# Understanding Logistic Regression Tables

Using the same code as in the previous exercise, try to interpret the summary table.

### More information about the dataset: 
Note that <i> interest rate</i> indicates the 3-month interest rate between banks and <i> duration </i> indicates the time since the last contact was made with a given consumer. The <i> previous </i> variable shows whether the last marketing campaign was successful with this customer. The <i>March</i> and <i> May </i> are Boolean variables that account for when the call was made to the specific customer and <i> credit </i> shows if the customer has enough credit to avoid defaulting.

<i> Notes: 
    <li> the first column of the dataset is an index one; </li>
    <li> you don't need the graph for this exercise; </li>
    <li> the dataset used is much bigger </li>
</i>

## Import the relevant libraries

In [1]:
import numpy as np
import pandas as pd
import matplotlib.pyplot as plt
import seaborn as sns
import statsmodels.api as sm
sns.set()

from scipy import stats
stats.chisqprob = lambda chisqp, df: stats.chi2.sf(chisq, df)

## Load the data

Load the ‘Bank_data.csv’ dataset.

In [2]:
data = pd.read_csv('Bank-data.csv')

In [3]:
data.head()

Unnamed: 0.1,Unnamed: 0,interest_rate,credit,march,may,previous,duration,y
0,0,1.334,0.0,1.0,0.0,0.0,117.0,no
1,1,0.767,0.0,0.0,2.0,1.0,274.0,yes
2,2,4.858,0.0,1.0,0.0,0.0,167.0,no
3,3,4.12,0.0,0.0,0.0,0.0,686.0,yes
4,4,4.856,0.0,1.0,0.0,0.0,157.0,no


In [5]:
new_data = data[['interest_rate','credit','previous','duration','y']]
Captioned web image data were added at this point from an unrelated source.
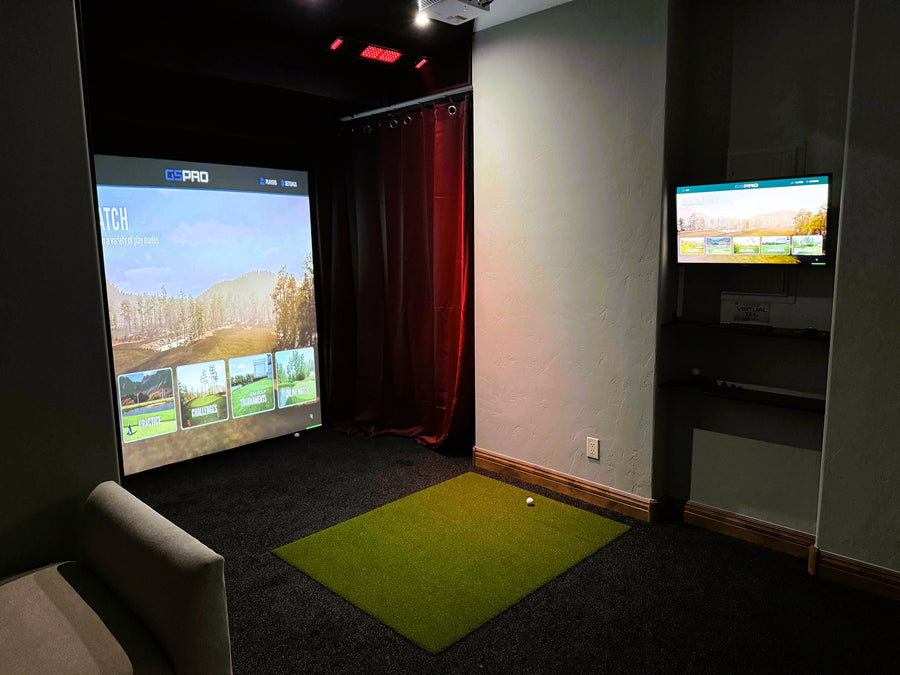 golf simulator installation in a basement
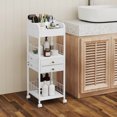 thumbnail image 1 of Costway Chariot Organisateur de Maquillage avec 2 Tiroirs de Rangement et Roues Verrouillables pour Parfum, Blanc, 1 of 10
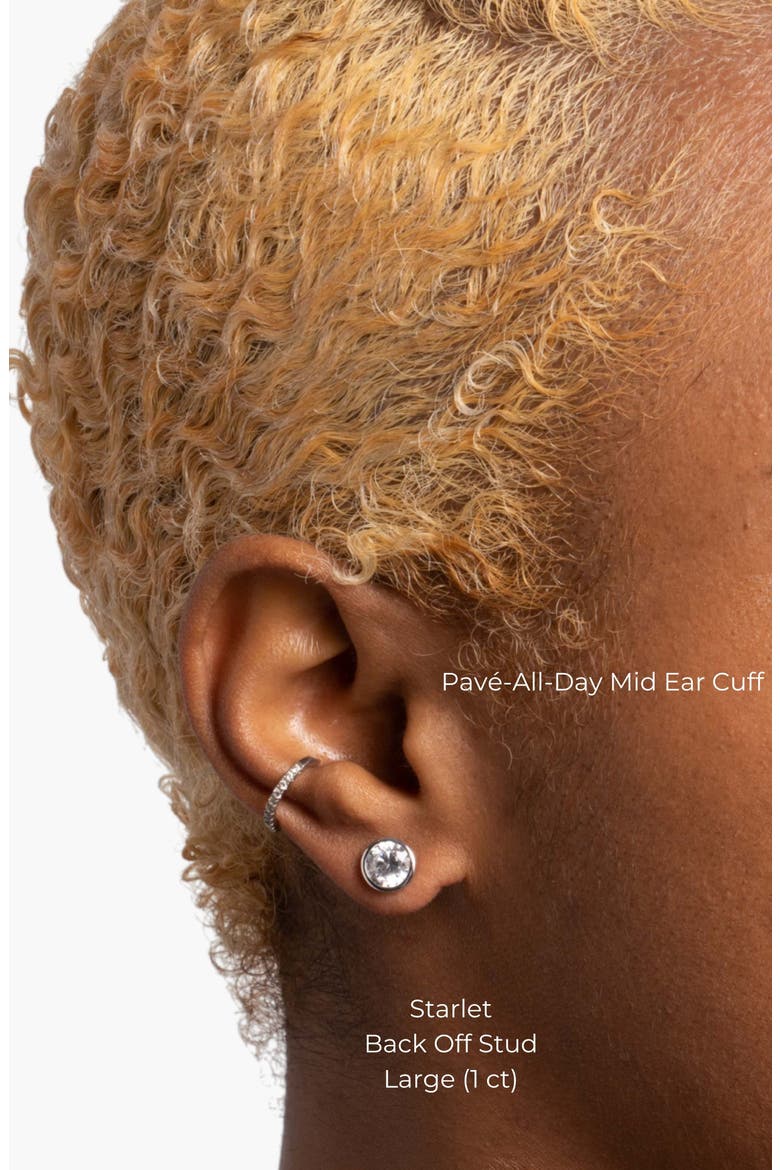 The Starlet Back-Off Stud, Alternate, color, White Gold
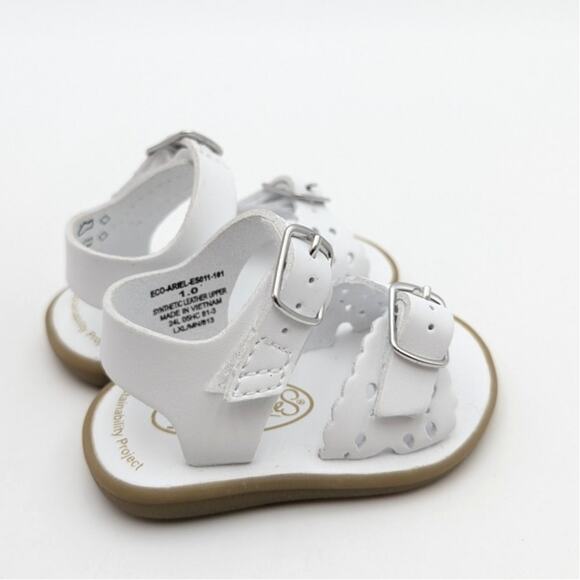 Footmates Eco-Ariel Velcro Sandal Adjustable Strap Kids' White Size US1 - Picture 3 of 11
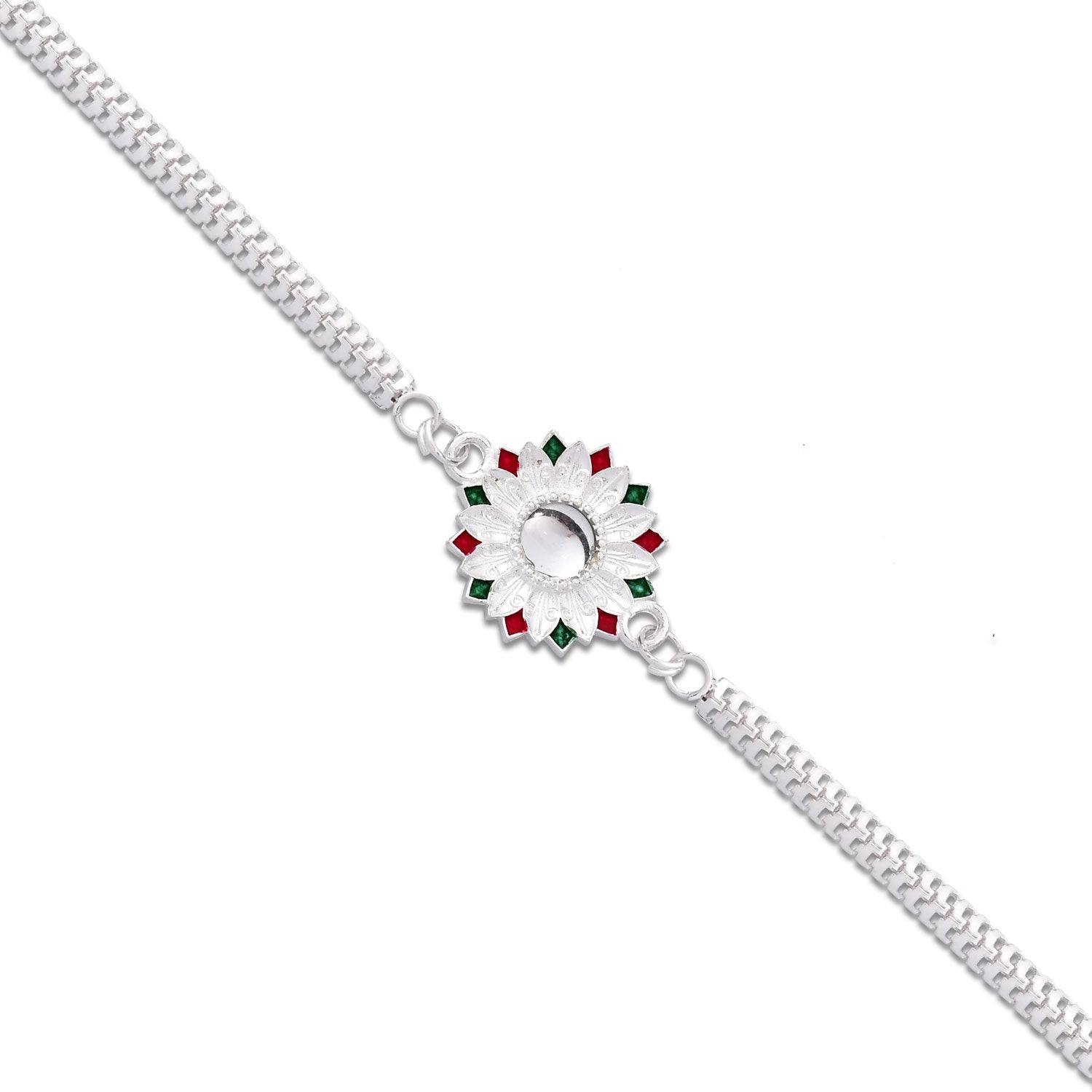 Sunflower Shape Rakhi With Silver Chain - warehousetech13
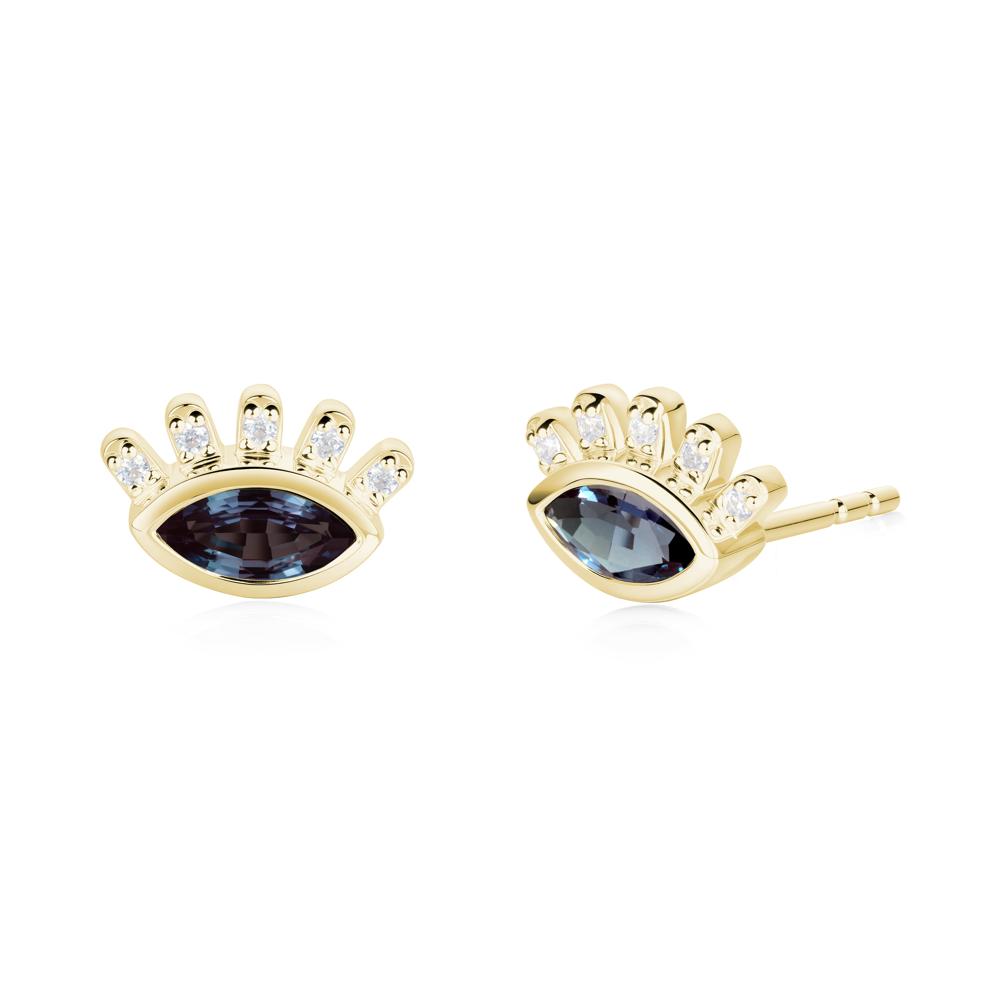 Evil Eye Marquise Alexandrite Earrings - LUO Jewelry #metal_18k yellow gold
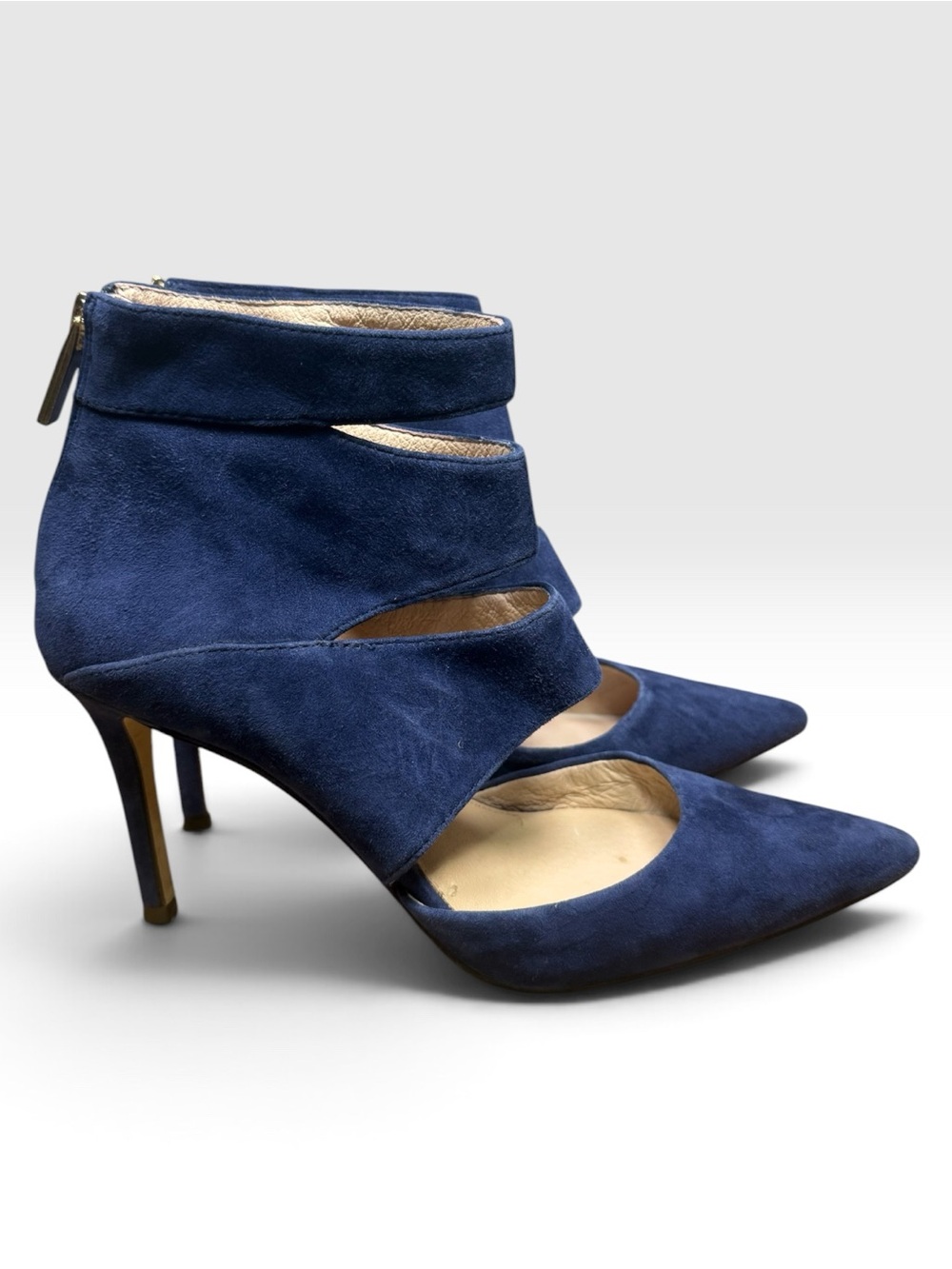 Louise et Cie Navy Suede Cutout Pointed Toe Heels Size 7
clean_data = new_data.copy()

clean_data['y'] = clean_data['y'].map({'yes':0,'no':1})

clean_data.head()

Unnamed: 0,interest_rate,credit,previous,duration,y
0,1.334,0.0,0.0,117.0,1
1,0.767,0.0,1.0,274.0,0
2,4.858,0.0,0.0,167.0,1
3,4.12,0.0,0.0,686.0,0
4,4.856,0.0,0.0,157.0,1


### Declare the dependent and independent variables

Use 'duration' as the independent variable.

In [23]:
y = clean_data['y']
x1 = clean_data[['interest_rate','credit','previous','duration']]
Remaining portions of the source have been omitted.